START DATA RECORDS
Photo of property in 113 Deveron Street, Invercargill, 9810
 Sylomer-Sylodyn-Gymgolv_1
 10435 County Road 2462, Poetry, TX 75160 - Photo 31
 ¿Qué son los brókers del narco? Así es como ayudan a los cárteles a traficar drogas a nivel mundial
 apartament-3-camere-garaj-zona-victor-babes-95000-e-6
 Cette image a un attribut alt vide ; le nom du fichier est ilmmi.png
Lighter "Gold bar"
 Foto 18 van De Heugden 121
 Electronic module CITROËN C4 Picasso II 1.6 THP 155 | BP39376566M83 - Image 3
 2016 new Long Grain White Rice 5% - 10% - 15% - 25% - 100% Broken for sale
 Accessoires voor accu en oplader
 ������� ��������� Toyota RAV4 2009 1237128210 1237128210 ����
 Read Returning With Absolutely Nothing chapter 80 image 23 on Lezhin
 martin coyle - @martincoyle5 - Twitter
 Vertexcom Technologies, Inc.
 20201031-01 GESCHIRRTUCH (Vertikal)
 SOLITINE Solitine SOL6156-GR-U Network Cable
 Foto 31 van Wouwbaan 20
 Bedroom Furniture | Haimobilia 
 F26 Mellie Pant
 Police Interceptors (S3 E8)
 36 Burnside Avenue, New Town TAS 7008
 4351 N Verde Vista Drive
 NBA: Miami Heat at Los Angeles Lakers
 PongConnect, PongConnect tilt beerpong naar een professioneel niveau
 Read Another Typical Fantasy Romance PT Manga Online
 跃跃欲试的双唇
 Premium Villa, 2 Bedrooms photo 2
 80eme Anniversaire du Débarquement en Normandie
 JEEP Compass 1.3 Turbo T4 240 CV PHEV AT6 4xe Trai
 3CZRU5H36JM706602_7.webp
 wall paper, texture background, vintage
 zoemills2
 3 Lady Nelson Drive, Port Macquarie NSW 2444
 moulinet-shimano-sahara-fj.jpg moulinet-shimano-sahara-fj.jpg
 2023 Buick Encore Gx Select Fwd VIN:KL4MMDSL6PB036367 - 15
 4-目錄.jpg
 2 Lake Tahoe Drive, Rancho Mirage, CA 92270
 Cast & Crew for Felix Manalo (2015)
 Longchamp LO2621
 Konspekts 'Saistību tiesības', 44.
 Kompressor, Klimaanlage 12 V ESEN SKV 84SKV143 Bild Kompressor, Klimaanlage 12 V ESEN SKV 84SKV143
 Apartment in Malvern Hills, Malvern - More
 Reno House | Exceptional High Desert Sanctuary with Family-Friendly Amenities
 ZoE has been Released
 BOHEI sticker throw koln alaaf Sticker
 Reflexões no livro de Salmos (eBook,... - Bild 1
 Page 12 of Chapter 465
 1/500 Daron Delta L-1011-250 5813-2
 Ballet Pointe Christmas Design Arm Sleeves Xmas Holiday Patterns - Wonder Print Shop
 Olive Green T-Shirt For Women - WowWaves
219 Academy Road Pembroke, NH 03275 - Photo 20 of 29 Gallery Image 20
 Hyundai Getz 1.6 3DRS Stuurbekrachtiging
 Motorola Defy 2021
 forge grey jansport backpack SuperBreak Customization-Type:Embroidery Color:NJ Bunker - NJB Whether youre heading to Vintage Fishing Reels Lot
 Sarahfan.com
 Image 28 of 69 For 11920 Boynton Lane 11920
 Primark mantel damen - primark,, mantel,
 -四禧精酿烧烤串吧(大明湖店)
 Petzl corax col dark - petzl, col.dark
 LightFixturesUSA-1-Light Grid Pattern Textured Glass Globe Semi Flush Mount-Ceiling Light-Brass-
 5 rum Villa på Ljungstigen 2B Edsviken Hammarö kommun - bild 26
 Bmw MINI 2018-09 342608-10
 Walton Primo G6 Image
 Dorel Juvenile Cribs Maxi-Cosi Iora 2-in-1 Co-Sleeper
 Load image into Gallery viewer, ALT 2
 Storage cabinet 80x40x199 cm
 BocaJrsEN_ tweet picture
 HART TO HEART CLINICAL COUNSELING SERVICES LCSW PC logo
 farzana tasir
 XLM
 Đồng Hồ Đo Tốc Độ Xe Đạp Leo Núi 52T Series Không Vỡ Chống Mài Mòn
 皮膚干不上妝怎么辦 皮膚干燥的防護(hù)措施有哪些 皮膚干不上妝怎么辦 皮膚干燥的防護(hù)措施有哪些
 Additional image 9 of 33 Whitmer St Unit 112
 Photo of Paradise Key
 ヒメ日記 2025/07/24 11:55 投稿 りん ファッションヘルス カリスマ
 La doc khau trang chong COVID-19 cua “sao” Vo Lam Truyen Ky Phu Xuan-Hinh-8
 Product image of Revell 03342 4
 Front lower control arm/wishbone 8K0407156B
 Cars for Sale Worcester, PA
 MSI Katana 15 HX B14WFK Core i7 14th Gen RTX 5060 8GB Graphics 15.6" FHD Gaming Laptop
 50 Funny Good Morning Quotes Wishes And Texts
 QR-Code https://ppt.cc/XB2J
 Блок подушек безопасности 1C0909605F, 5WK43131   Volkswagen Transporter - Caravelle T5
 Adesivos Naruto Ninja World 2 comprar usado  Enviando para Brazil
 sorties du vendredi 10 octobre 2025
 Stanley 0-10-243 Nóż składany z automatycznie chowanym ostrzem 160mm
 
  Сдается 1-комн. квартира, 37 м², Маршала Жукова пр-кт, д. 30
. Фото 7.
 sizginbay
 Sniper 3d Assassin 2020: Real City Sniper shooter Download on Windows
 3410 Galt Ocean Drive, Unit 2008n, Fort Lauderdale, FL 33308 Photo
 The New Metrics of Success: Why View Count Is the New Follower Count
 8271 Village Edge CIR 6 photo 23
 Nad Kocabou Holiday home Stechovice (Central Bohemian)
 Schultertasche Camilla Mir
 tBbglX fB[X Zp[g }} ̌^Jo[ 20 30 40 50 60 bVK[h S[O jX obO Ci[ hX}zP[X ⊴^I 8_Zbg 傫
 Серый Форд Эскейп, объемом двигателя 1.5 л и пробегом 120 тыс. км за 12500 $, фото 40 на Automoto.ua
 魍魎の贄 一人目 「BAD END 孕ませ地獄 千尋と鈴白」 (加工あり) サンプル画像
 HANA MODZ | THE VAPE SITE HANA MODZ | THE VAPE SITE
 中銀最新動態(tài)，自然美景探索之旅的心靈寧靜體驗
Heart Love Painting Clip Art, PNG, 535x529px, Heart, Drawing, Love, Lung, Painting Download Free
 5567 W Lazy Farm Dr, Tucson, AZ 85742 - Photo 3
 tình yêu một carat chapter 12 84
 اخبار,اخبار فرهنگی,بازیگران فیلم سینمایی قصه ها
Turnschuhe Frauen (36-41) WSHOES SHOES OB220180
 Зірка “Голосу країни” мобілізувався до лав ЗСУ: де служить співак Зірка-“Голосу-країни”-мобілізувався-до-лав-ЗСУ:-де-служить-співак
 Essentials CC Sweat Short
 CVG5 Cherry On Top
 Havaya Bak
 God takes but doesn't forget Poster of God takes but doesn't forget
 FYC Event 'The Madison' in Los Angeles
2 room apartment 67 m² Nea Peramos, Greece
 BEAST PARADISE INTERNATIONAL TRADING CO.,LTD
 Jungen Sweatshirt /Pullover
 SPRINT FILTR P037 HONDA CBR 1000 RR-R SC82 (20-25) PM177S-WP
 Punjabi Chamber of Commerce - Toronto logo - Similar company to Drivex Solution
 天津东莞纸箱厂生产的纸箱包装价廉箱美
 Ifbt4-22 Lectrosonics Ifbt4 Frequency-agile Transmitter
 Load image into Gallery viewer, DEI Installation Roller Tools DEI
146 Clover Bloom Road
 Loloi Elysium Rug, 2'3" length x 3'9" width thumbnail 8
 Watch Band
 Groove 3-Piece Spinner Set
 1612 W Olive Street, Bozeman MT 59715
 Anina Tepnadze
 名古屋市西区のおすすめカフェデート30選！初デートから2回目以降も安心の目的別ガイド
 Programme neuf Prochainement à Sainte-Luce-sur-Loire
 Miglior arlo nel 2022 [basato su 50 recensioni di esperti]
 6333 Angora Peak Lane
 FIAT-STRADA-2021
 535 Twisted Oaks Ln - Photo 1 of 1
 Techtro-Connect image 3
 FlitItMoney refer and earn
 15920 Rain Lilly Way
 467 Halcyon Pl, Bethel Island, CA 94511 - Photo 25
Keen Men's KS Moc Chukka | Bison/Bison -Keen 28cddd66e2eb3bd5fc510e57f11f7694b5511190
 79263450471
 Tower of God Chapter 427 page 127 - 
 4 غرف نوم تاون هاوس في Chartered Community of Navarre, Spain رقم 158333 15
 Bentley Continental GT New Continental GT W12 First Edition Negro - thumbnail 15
END DATA RECORDS
EXERCISE DETAILS
Output the first line of the entries above and every line after it, exactly as written, ending with the line that contains "Electronic module CITROËN".

SOLVED EXERCISE
Photo of property in 113 Deveron Street, Invercargill, 9810
 Sylomer-Sylodyn-Gymgolv_1
 10435 County Road 2462, Poetry, TX 75160 - Photo 31
 ¿Qué son los brókers del narco? Así es como ayudan a los cárteles a traficar drogas a nivel mundial
 apartament-3-camere-garaj-zona-victor-babes-95000-e-6
 Cette image a un attribut alt vide ; le nom du fichier est ilmmi.png
Lighter "Gold bar"
 Foto 18 van De Heugden 121
 Electronic module CITROËN C4 Picasso II 1.6 THP 155 | BP39376566M83 - Image 3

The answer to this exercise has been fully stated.